Monthly Archives: March 2014

Creative Energy Attracts

A desire for change is driven by dissatisfaction with the established set up.  Either there’s a bare table, and it wants to be a table with a flower arrangement on it, or there’s a mess that wants to be cleaned, or there’s ignorance that wants to be fixed…  you don’t change what you’re content with.

When we are young, or when we are angry, the energy for change is fast and hard – one speaks of being “driven”.   It’s a fiery energy.   It is great when you need to clean up sewage or rototill the back forty – and there’s NOTHING better for cleaning out the junk drawer.

But sometimes the task ahead isn’t a simple task – or even if it is, it’s a task that is beyond our current levels of energy or push.  Or maybe we have too much on our plates, and can’t devote all of our resources to one goal.  (How common this is, for mothers!)  If we only know the driven energy, speed and fire and oomph, how do we make changes happen one day at a time?
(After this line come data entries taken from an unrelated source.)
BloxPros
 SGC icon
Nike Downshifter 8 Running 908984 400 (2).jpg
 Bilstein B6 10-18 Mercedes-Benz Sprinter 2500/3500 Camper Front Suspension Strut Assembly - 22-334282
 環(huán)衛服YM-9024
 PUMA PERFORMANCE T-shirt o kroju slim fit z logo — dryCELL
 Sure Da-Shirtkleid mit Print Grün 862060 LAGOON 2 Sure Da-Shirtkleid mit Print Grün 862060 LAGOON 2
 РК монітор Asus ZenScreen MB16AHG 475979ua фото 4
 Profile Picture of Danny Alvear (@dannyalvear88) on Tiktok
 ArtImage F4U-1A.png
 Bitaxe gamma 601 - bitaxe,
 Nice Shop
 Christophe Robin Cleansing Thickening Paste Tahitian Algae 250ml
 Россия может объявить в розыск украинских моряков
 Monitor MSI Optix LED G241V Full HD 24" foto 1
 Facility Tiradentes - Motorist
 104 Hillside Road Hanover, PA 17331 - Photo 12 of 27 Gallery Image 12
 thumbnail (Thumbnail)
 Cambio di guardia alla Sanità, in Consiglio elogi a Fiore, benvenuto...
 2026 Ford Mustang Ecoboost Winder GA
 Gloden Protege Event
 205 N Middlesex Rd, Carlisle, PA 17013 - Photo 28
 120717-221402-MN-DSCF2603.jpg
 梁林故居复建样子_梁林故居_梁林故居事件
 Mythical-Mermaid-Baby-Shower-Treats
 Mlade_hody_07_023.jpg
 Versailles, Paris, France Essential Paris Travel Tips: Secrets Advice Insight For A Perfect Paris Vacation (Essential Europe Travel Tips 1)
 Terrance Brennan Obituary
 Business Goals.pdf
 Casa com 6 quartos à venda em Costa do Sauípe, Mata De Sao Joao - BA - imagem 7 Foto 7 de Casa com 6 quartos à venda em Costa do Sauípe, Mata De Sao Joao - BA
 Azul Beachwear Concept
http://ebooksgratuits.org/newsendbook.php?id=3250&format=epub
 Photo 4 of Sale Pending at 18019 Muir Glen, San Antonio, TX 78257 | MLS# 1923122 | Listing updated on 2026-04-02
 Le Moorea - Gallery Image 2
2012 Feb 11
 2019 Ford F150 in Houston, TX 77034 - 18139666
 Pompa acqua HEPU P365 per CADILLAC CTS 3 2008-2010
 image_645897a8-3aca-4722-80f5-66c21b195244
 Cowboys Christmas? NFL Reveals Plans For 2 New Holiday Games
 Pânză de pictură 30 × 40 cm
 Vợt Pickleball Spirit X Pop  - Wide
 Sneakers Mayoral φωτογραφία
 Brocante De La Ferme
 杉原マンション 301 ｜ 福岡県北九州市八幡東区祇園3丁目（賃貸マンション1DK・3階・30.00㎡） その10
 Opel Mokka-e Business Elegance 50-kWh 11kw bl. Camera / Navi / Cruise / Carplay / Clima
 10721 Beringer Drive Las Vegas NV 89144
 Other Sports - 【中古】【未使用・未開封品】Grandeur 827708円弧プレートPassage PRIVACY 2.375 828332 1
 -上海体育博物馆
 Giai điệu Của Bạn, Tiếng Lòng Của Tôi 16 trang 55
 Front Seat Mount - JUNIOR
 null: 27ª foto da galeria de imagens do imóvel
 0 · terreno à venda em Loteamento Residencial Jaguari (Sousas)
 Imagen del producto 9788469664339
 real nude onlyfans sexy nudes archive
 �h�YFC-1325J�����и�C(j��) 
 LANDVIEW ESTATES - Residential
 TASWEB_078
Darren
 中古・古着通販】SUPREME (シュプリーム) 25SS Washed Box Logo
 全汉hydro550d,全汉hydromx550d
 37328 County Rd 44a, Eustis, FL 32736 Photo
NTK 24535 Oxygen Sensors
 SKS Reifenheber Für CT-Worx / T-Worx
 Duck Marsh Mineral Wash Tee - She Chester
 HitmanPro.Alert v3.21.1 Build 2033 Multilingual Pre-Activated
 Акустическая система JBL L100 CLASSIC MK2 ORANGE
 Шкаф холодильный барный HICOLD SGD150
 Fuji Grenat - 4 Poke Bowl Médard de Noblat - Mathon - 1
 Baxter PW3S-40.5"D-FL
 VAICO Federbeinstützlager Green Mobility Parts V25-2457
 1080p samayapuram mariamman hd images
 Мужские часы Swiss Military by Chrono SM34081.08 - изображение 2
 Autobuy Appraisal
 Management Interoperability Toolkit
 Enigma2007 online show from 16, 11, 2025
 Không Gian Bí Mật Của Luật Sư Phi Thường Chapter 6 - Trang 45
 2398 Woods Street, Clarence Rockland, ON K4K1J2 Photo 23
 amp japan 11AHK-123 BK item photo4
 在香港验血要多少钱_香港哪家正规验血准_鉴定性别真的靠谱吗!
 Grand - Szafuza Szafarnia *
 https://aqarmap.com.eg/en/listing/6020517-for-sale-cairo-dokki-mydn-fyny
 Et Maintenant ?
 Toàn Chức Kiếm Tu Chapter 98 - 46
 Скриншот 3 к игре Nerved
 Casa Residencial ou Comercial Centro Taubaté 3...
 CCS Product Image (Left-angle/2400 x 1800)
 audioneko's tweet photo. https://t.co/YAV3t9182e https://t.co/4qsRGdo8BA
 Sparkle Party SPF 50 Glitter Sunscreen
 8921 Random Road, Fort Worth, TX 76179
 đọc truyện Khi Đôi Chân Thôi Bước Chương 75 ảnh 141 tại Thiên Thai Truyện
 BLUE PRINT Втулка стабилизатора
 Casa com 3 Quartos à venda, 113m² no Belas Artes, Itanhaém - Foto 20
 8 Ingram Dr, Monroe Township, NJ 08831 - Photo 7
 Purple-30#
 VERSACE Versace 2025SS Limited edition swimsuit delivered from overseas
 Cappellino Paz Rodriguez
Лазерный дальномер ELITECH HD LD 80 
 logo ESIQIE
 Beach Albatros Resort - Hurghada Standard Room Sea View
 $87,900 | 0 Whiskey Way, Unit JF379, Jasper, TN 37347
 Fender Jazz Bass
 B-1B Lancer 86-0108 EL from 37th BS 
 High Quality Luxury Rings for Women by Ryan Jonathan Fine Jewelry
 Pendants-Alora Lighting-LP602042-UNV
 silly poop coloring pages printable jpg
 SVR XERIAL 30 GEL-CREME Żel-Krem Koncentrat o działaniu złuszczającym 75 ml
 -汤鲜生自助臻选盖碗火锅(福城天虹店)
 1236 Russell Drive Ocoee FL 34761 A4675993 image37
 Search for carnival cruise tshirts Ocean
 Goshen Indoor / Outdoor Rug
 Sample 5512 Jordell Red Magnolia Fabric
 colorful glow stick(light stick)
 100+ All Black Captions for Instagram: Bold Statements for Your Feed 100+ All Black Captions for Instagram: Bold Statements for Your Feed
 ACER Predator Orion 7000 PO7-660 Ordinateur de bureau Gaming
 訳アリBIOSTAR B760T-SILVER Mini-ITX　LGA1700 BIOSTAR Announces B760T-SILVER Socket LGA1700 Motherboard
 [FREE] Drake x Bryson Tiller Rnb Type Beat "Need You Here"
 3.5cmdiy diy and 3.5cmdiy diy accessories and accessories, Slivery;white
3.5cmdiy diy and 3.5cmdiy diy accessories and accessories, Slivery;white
I find myself in a place, in several areas in my life simultaneously, where the energy of change can’t be the energy of destruction, it has to be the energy of creation.    I might have quite a lot of things I’d like to lose (pounds, weeds, dustbunnies) but I must keep my home running, be there for my husband, school my kids, etc.  I CAN’T exhaust myself powering through – all the other plates i’m spinning will fall.

I find that the energy of drive, when let out only a smidge at a time, leaves me more than a bit nuts.  It leaves me forever feeling negative – because that driven energy wants to make change happen QUICKLY.  When it does not, it sours and distorts.   I don’t want to become distorted.   So – how do I make change happen, and not make myself into something I am not?

Embrace love, patience, kindness, faith, compassion.  What?  How’d we get here – we were talking about weeding!  But I have faith that love will foster the change I seek.  Patience to slowly create good, and concentrate on creation.  Instead of focusing on the weeds that need to be ripped out, I concentrate on the flowers I’ll put in their places.  And I take time to *put flowers back in*, not just forever repeat the same cycle of “weed” “rain” “swear” “weed”.

Same thing with my body.  Instead of endlessly flogging myself with diet and exercise, I encourage myself to eat mindfully and be more active, choosing to do the things that leave me feeling really *good*.  I choose to read the books that leave me feeling good, say the words that leave me feeling good.

I choose to seek God in all that I do, small or great, and I have patience with the rate of change, and faith that change will indeed come through perserverence.

And this doesn’t distort me, this leaves me hopeful, cheerful, loving – with time and energy to pour out on those around me.

And *that* makes people wonder what’s different… which maybe, just maybe, might attract them to Christ.


Mining the Comments: The Call to Christ

Maeve is brilliant.  She said:

 I can recall that a long time ago I had a priest who was forever lecturing that our actions and our voices needed to be making people want to say “tell me more! tell me why you are as you are” and not “let’s get away from them; they’re so strange; I don’t ever want to be like that”.

Which, at least for me, leads to the following: and what, exactly is it about us that would make anyone want to even consider asking “why?” and thinking that maybe they could have a change of heart too?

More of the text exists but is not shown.